Wilderness
The Wilderness is located south of the Rapidan River in Virginia’s Orange and Spotsylvania Counties. Historians discussing the Battle of Mine Run, the Battle of Spotsylvania Courthouse, and the Battle of the Wilderness typically use “70 square miles” as a guideline to define the area it encompassed.
The southern border is Spotsylvania Courthouse, the western border is the Rapidan River tributary called Mine Run, and the eastern border is a little less definite to define. During the battles which happened there in 1863 and 1864, the region was dense second-growth forest consisting of small trees, bushes, shrubs, and pines, making it difficult for soldiers to navigate. Catharine Furnace, and other furnaces built to make iron, used the large growth trees in the area to fuel their furnaces beginning in 1837, resulting in the second-growth terrain, which created the second-growth area called the Wilderness.

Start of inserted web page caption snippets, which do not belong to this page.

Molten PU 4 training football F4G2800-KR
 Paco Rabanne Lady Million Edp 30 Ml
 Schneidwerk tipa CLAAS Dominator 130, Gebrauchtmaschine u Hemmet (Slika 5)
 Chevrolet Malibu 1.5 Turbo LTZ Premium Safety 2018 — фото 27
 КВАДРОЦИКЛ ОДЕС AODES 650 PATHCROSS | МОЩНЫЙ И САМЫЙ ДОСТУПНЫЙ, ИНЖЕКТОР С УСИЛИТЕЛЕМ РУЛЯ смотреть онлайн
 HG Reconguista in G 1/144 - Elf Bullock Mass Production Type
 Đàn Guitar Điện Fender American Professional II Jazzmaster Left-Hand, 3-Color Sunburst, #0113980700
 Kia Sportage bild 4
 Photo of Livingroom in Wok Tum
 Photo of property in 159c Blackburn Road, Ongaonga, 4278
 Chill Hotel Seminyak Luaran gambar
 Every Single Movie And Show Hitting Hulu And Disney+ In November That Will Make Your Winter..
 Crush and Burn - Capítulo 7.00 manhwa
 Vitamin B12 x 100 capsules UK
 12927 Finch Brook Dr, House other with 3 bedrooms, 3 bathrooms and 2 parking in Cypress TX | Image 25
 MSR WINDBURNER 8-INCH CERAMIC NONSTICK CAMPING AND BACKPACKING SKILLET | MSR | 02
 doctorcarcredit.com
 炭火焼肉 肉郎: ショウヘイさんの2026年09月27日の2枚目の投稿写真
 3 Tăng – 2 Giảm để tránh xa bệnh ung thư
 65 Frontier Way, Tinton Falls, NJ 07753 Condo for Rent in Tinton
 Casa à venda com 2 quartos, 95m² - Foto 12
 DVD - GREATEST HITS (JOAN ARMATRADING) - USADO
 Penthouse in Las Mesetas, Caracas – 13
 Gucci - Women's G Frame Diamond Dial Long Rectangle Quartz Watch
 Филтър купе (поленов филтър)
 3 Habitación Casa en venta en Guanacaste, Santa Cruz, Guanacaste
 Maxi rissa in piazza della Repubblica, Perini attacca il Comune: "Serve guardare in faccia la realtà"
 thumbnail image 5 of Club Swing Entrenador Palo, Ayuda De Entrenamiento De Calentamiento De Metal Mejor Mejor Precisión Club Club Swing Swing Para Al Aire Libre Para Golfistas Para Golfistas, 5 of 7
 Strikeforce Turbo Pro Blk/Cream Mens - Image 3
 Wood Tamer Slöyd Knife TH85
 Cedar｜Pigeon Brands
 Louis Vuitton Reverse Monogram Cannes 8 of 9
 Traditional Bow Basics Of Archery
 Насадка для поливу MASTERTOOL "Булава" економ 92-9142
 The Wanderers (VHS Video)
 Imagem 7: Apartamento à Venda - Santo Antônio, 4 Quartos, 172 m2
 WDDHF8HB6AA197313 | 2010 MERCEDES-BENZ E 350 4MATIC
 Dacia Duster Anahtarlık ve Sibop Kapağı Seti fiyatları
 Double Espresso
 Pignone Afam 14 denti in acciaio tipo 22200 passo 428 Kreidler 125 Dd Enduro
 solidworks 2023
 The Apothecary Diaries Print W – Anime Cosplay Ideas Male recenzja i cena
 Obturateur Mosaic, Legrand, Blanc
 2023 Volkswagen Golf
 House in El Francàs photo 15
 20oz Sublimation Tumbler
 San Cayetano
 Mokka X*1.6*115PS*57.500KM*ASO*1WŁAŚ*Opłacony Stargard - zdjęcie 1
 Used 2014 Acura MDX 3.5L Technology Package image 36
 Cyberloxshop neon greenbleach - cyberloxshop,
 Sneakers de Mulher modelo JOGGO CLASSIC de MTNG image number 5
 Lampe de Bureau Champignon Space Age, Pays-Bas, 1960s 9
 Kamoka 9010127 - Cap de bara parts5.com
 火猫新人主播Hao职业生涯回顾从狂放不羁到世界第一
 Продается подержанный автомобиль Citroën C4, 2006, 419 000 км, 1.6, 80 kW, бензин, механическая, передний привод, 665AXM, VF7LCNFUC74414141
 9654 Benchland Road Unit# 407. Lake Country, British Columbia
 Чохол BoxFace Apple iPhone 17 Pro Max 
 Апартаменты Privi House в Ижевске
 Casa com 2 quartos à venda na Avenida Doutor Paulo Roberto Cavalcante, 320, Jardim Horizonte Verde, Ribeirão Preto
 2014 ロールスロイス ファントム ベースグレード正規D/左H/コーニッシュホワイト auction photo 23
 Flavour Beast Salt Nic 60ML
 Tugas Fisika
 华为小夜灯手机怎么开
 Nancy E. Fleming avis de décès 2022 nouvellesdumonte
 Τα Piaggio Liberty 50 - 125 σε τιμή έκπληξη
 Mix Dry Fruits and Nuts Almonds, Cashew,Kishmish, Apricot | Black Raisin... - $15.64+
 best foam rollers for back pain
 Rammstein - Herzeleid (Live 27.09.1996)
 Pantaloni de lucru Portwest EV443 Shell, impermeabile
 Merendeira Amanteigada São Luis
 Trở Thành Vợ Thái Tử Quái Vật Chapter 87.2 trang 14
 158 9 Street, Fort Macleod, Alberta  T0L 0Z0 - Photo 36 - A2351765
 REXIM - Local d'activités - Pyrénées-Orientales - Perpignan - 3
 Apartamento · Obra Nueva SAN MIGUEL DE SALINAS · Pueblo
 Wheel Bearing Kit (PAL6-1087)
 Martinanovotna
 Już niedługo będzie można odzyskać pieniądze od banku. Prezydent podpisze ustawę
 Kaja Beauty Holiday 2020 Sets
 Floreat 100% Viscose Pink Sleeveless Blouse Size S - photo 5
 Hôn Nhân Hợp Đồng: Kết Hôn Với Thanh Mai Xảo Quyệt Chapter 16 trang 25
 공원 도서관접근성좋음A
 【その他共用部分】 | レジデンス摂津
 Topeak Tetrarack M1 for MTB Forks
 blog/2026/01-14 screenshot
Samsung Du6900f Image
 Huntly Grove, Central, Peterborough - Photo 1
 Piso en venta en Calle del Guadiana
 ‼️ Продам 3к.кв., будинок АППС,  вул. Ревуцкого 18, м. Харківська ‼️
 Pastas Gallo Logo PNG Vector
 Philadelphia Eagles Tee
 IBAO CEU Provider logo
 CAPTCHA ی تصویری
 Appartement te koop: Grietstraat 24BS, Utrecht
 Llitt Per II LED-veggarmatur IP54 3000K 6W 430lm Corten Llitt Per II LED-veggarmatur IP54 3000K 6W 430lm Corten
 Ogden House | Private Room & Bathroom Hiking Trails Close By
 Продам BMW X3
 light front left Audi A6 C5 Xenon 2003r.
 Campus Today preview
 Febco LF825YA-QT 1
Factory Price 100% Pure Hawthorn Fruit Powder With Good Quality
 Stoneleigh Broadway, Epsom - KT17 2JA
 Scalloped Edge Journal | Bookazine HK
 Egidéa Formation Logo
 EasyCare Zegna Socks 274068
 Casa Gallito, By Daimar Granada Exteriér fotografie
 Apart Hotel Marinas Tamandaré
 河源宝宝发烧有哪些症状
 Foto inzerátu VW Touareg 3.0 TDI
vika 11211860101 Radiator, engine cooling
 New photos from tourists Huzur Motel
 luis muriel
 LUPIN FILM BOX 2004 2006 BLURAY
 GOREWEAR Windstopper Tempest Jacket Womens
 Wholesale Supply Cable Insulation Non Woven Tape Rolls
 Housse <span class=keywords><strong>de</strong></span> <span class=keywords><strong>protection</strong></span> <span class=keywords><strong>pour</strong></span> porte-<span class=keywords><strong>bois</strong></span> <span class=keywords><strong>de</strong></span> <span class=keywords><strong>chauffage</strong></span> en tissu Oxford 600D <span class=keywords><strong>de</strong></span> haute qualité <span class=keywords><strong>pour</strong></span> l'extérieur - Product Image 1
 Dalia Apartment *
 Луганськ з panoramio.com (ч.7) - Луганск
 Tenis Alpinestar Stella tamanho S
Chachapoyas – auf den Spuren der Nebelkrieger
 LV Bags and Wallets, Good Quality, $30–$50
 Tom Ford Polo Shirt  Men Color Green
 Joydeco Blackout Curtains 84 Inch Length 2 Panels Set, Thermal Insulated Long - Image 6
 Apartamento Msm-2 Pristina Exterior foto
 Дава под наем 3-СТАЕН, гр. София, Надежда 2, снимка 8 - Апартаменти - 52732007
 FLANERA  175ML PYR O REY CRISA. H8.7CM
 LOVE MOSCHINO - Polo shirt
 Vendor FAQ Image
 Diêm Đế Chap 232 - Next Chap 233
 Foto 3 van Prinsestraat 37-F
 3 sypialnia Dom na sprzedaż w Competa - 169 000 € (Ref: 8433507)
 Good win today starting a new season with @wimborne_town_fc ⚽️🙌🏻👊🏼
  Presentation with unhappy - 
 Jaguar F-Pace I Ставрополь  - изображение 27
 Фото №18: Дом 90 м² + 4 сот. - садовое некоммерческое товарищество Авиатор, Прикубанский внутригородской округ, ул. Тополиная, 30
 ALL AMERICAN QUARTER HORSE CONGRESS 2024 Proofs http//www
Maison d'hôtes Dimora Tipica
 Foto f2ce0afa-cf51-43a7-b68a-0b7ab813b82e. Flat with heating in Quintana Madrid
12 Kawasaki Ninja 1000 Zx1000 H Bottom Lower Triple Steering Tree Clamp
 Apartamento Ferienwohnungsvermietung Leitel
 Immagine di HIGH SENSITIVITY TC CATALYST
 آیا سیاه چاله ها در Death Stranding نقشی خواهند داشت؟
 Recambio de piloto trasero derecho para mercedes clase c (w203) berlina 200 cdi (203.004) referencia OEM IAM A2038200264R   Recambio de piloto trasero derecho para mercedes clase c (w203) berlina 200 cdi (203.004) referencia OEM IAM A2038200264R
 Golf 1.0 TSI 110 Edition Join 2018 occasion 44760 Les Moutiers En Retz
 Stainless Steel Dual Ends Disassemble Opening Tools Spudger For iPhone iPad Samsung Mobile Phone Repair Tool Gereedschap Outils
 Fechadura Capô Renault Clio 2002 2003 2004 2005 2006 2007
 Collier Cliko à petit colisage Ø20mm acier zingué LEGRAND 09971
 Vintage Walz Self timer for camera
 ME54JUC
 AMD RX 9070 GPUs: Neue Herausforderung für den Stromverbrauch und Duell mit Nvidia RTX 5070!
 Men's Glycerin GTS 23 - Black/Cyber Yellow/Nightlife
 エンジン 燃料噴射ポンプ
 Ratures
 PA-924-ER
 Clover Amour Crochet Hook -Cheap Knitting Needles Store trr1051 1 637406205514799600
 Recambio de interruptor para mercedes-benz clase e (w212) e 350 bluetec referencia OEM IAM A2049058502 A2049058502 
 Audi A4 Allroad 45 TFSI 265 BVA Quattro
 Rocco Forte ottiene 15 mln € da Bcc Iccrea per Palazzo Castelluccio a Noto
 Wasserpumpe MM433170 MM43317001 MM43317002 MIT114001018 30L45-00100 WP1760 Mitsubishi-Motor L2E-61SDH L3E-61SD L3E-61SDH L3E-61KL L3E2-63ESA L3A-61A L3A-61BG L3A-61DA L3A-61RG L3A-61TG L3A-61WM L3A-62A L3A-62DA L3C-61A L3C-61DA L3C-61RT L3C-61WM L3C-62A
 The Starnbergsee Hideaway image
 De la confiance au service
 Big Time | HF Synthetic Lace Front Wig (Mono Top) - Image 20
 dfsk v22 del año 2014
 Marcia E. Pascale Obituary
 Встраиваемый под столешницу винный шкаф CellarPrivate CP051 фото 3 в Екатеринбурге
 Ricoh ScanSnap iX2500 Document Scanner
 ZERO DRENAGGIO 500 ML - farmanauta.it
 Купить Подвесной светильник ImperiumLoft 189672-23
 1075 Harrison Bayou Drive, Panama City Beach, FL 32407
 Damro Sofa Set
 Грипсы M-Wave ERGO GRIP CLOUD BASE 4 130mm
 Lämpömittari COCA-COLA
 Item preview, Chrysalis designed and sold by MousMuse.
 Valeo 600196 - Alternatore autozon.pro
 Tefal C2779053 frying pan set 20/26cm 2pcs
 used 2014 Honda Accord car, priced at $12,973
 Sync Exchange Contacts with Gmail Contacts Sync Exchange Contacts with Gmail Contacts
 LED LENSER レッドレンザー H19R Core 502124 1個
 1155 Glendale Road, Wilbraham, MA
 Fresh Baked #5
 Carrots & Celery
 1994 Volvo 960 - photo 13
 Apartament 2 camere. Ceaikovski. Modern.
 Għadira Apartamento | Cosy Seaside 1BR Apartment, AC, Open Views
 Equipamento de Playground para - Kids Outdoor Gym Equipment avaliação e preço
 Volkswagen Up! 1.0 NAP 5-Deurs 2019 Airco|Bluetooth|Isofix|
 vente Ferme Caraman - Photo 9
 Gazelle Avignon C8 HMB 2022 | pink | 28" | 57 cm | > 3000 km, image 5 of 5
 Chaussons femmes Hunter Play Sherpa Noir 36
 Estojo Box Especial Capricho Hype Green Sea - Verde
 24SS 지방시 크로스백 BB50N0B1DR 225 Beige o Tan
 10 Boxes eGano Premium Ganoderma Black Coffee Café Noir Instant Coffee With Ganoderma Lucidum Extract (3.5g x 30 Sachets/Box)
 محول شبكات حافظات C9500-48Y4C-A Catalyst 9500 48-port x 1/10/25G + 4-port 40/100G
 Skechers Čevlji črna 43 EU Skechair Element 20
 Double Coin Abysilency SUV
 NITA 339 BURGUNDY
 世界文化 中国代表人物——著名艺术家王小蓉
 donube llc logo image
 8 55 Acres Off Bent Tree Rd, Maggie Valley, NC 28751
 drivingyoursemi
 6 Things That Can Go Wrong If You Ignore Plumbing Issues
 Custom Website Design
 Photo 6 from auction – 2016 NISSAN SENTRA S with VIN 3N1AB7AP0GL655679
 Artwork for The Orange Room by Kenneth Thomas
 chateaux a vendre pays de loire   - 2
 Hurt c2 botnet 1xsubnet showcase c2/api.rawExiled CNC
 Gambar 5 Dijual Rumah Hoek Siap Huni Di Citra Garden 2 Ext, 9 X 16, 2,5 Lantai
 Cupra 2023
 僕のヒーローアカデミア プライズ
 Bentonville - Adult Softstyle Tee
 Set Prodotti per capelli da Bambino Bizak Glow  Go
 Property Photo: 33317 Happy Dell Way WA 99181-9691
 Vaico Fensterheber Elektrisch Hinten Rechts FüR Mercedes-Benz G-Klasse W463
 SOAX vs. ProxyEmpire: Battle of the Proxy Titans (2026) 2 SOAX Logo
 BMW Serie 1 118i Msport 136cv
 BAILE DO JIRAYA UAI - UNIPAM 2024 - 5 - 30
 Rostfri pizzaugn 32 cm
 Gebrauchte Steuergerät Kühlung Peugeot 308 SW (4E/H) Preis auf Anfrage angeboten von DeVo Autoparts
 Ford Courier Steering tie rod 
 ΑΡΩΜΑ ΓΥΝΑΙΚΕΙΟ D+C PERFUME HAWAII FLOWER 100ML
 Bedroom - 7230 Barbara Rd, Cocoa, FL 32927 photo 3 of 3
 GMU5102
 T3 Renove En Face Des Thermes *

Today, the Wilderness Battlefield is named one of the eleven most endangered historic sites by the National Trust for Historic Preservation. A large multi-use development called the Wilderness Crossing is an approved 2,600-acre rezoning and proposed development in Orange County near the intersection of Rt. 3 and Rt. 20 adjacent to Wilderness Battlefield and across from Lake of the Woods. The proposed development sits on part of the Wilderness Battlefield, as well as the site of several old gold mines.